↓↓↓
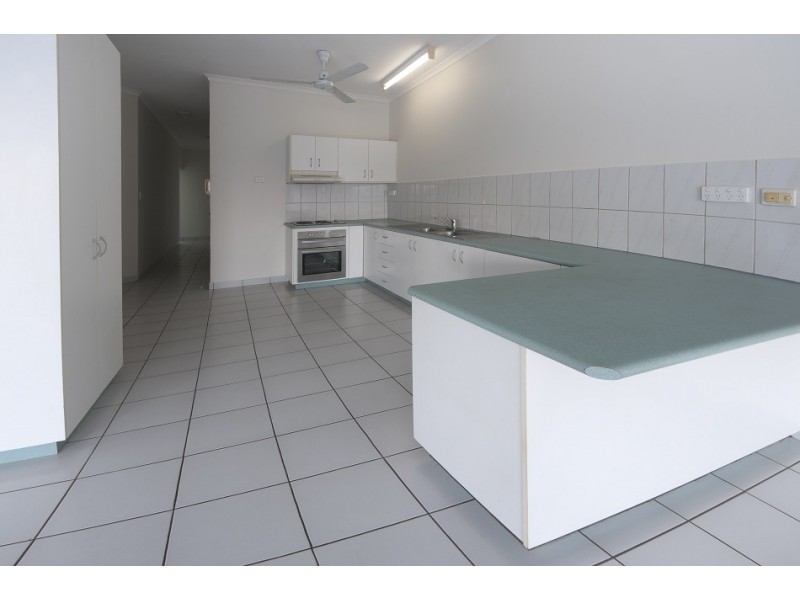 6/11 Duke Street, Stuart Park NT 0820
↑↑↑
↓↓↓
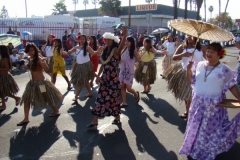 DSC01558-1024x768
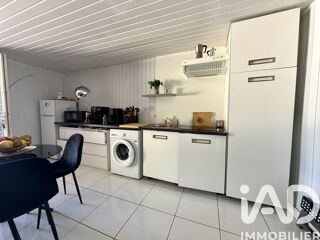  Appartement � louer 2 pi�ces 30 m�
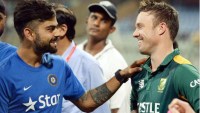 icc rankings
↑↑↑
↓↓↓
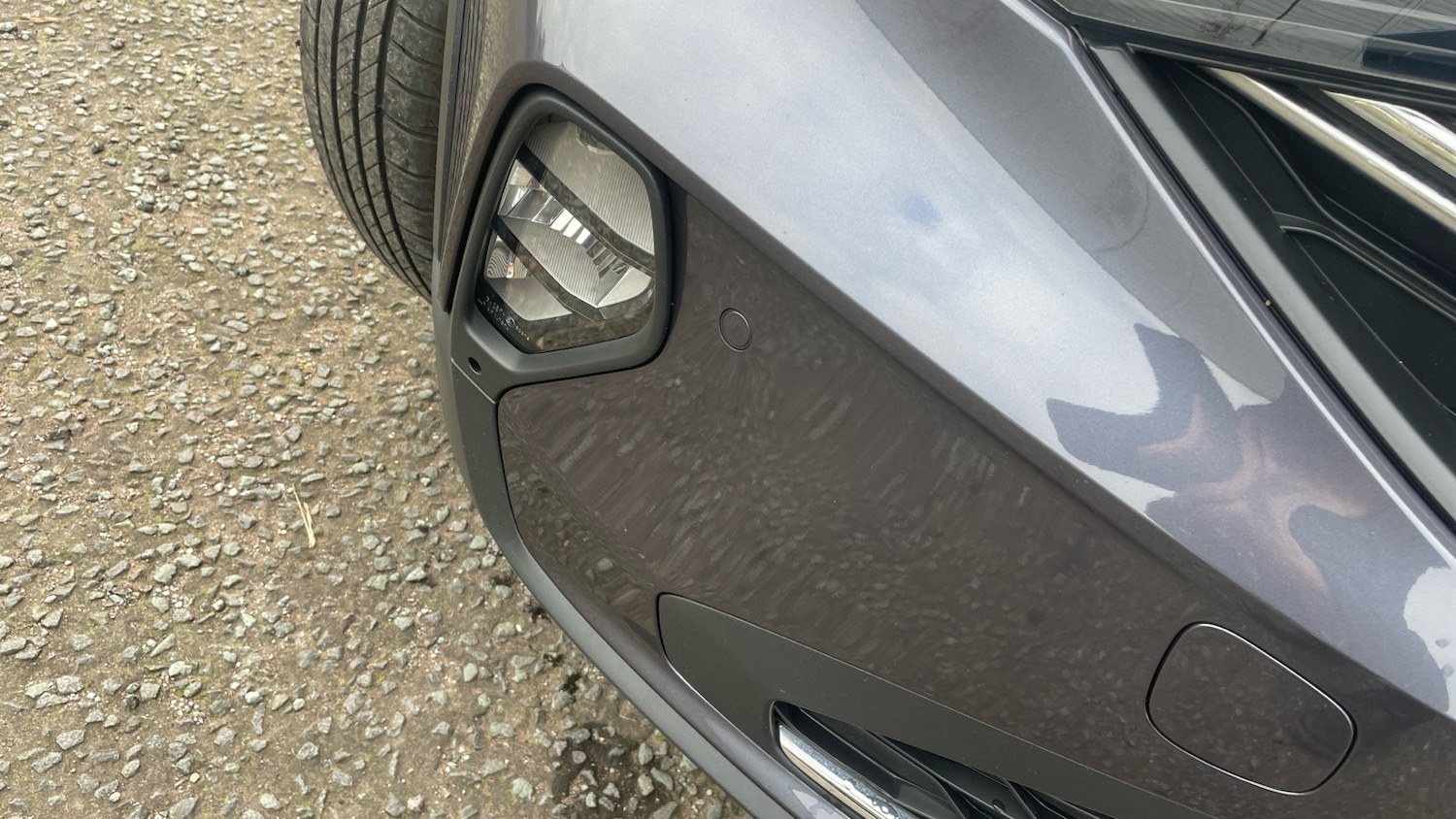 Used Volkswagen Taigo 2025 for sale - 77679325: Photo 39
↑↑↑
**Task details**. Range to copy from the records above: the line containing "DSC01558-1024x768" to the line containing "icc rankings", both included. Output those lines exactly and only those, skipping pictures.

**Task answer**.
 DSC01558-1024x768
  Appartement � louer 2 pi�ces 30 m�
 icc rankings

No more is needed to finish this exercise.